Sabtu, 19 Februari 2011

TERGADAIKANNYA AGAMA DEMI SUATU TAHTA


TERGADAIKANNYA AGAMA DEMI SUATU TAHTA
Oleh: Janu Arlinwibowo

Indonesia merupakan suatu Negara demokrasi yang berlandaskan pada agama. Hal tersebut telihat pada isi Pancasilan sebagai ideologi bangsa yang salah satu pasalnya berbunyi ”Ketuhanan Yang Maha Esa”.

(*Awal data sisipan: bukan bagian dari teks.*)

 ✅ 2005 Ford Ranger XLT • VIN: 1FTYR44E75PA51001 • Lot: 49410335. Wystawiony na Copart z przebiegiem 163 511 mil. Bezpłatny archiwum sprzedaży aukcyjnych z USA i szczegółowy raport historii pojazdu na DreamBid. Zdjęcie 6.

Sekilas Potret Perjalanan Perpolitikan Indonesia
Setelah muncul pergeseran perdagangan dari Asia ke arah Tiongkok yang menganut Budhisme, maka kekuasaan di Nusantara merubah agama ‘resminya’ menjadi agama Budha. Sriwijaya yang merupakan kerajaan besar saat itu menjadikan agama Budha sebagai agama resmi untuk mempermudah hubungan ekonomi politik.
 Sedangkan pada Majapahit yang tengah bangkit, kerajaan ini melihat pentingnya bermain dalam dua ranah, Budhisme dan Hinduisme. Majapahit memunculkan konsep agama ‘Siwa-Budha’ agar dapat melakukan ekspansi perdagangan hingga ke Tiongkok dan India.
Masa ini pun bergeser dengan masuknya agama Islam yang dibawa oleh pedagang Gujarat. Struktur masyarakat dan ekonomi-politik pun berubah. Setelah ditemukannya sistem irigasi pertanian yang menghindarkan kekeringan dan banjir, masyarakat merasa tidak diperlukan lagi banyak dewa untuk menjaga pertanian. Dan Islam yang monoteistik pun lalu menjadi pilihan mereka. Jelas, perubahan ini erat kaitannya dengan pola produksi yang berlangsung saat itu.
Hingga pada awal kemerdekaan pun sejarah kita pernah pun mencatat perdebatan konstitusional tentang pemasukan kata-kata “syariat Islam” sebagai dasar negara Republik Indonesia.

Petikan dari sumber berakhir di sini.